WHAT YOU ARE ASKED TO DO >> Somewhere below, one line contains "Chanel New Paris" and a later line contains "Women's HD Transparent". Output those two lines and everything between them exactly, and nothing else.

SUPPLIED RECORDS >>
* * * * *

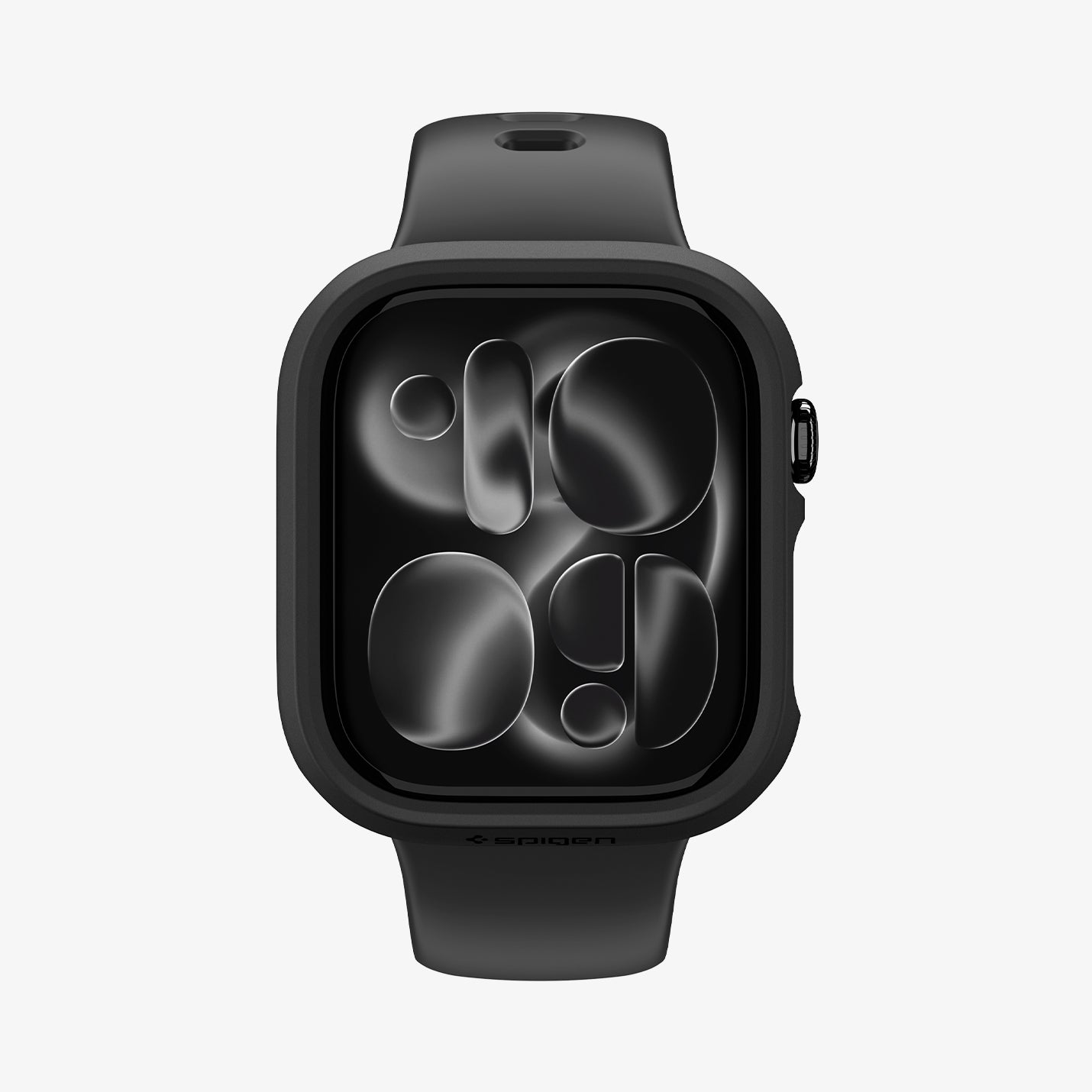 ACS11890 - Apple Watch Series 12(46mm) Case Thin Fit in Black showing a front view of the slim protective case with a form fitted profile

* * * * *

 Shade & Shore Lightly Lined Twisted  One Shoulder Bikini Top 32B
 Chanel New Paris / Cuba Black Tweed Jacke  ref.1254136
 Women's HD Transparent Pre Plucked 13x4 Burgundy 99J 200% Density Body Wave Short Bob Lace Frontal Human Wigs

* * * * *

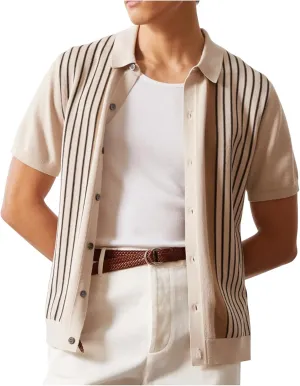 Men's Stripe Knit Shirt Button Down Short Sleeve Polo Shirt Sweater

* * * * *

RESULT >>
 Chanel New Paris / Cuba Black Tweed Jacke  ref.1254136
 Women's HD Transparent Pre Plucked 13x4 Burgundy 99J 200% Density Body Wave Short Bob Lace Frontal Human Wigs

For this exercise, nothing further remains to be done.